▸ WORK TASK
Report each line of the entries below that includes "with".

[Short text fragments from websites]
• • •
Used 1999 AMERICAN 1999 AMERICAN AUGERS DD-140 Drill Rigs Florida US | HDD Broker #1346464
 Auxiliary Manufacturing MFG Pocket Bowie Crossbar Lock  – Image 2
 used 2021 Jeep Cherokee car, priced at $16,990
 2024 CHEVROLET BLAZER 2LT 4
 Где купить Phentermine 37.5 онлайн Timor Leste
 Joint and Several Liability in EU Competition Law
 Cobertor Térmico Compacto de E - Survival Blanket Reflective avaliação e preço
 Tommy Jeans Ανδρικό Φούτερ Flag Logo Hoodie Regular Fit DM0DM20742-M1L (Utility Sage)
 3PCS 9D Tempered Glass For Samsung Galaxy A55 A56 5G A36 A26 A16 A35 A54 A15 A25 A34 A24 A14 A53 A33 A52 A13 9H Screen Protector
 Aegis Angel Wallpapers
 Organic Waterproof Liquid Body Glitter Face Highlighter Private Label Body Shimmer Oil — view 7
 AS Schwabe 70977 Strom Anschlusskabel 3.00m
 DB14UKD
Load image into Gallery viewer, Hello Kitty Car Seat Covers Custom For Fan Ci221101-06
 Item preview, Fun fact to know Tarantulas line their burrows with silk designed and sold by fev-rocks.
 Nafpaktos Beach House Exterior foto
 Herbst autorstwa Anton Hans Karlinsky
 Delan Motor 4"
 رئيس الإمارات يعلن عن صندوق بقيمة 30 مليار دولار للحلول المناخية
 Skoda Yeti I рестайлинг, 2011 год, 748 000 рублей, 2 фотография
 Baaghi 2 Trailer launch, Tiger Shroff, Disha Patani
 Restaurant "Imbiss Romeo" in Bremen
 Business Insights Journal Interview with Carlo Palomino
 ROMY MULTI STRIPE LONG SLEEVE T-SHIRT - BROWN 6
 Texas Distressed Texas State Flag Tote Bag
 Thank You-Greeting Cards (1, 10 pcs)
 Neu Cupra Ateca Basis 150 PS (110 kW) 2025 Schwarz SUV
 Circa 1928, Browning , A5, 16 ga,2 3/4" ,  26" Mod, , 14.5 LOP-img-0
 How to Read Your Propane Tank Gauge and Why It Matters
• • •
▸ EXERCISE SOLUTION
 Item preview, Fun fact to know Tarantulas line their burrows with silk designed and sold by fev-rocks.
 Business Insights Journal Interview with Carlo Palomino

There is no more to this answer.